The Perils of Ableton

Picture taken from http://www.flickr.com/photos/kingdiamondkid/ and displayed under fair use.

I wanted to give a big shout out to everyone who came out to Midsummer Nights last Friday. I had a good time overall and especially enjoyed hearing all the props afterwards, it made my night. However, by far the most annoying part of the evening was setting up all the sound equipment for the performers who just don’t understand how their shit is supposed to work.

I’m a fairly technical guy, I love knowing how things work…I think Vanilla Ice put it best: “If there’s a problem, yo, I’ll solve it.” But that love ends when I’m stuck at a gig trying to figure out everyone else’s shit. If you don’t know, tell me you don’t know instead of having me play 20 Questions and get incorrect answers because you just don’t understand anything. If you want the privilege of playing out, at least understand your own equipment and bring all the cables you need so we don’t have to hunt shit down because you just assume it’ll be there. It’ll keep people like me from writing posts like this about how big of a fucking moron you are.

Many people talk about the lost art of DJing, and having been a DJ for almost 12 years myself, I understand. There seems to be a difference between using technology as a tool, or having the technology make you a Tool. Serato and Traktor can be used to an amazing degree, allowing great DJs to do things that would never be possible before. However, it seems like a lot of DJs these days are allowing the software to do all the heavy lifting. Beatmatch syncing blows, it’s stupid, it makes you look like a moron, and has an unmistakable perfection that any real DJ can pick out after your first “mix”. Now that Ableton has come into the picture, the landscape is changing even further. Track selection and feeding off the crowd and making a great environment for everyone has completely gone out the window.

The picture of DJDT above is not from Midsummer Nights, but from Beach Dazed, a party that happened a couple weeks ago. They played at Midsummer Nights as well using a similar setup. This time it was a laptop running Ableton and a mini-to-RCA cable running from the headphone jack. No MIDI controllers, no Samplers, no control surfaces of any kind. Just Ableton. And one long, premade set. Click the pic above if you don’t believe me.

And as much as this bothers me and many other DJs out there, I’ve come to the realization that nobody cares. The crowd doesn’t care, the venues don’t care, the promoters don’t care. The only ones who care are the ones who have spent a great deal of time working towards an art that seems to be dying.
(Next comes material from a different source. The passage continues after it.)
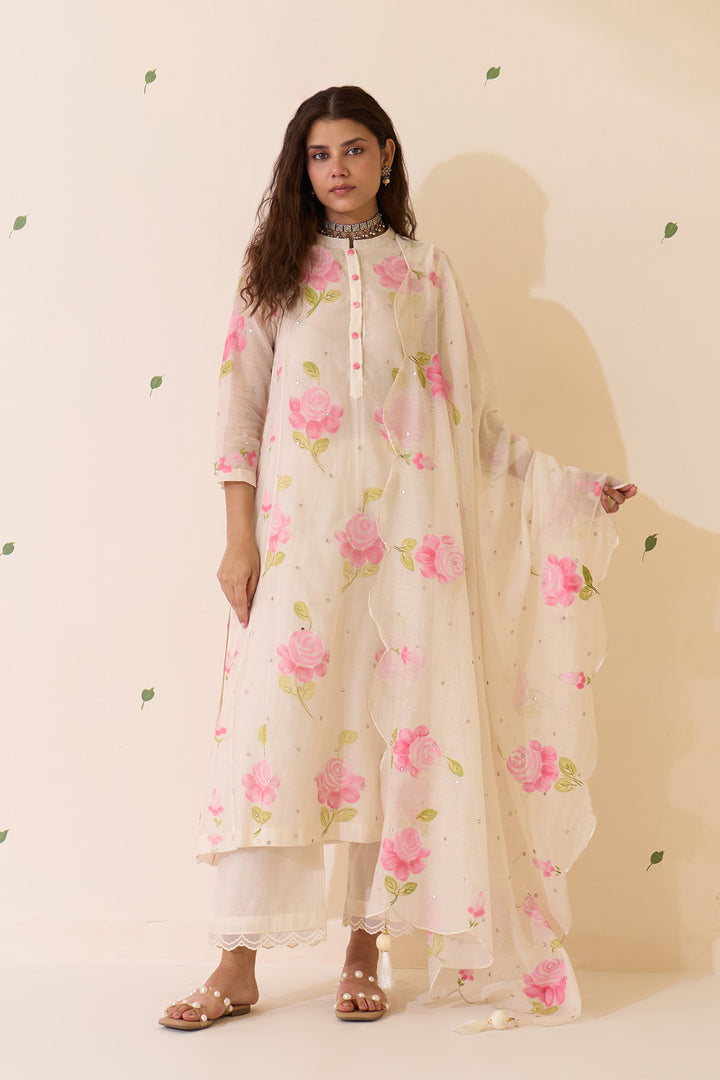 Mehraz Handpaint pink kurta with solid palazzo and scallope dupatta ( set of 3 )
It’s now a commodity to see a DJ playing a “SPECIAL ALL VINYL SET”, even though that’s what DJs were doing fairly exclusively up until a couple years ago.

Arguments about records being too heavy are understandable. I admit, switching to Traktor has saved my back quite a bit. But most of the people making that argument are the ones who don’t buy records, don’t mix by ear, and think that beatmatching is just making sure the numbers on each side of the screen match up (Phase? What’s phase? It’s a filter, right? Wait, where’d my bass go?).

Soon, it’ll just be CD listening parties with the “DJ” only pressing play and then proceeding to  jump up and down on stage with the enthusiasm of David Lee Roth, doing the physical equivalent of “Dude, you have to hear this part coming up, it’s so good!” When the tools were harder to get and harder to perfect, the end result was much better.

Accessibility breeds mediocrity. And that leads me to the picture caption, the peril of Ableton is that someone might actually try and get a crowd shot and accidentally capture the fact that you aren’t doing anything other than jumping around like a lunatic.

16 replies on “Or, why “DJs” in LA suck.”

Nicely put. I have been using vinyl for 9 years. It took me a long time to even consider Serato, when I did I realized that it is pretty helpful. I used to argue with a buddy of mine who had American DJ and just used the auto beat match feature. I was looking into Ableton for live performances, not DJ’ing and came up on your post.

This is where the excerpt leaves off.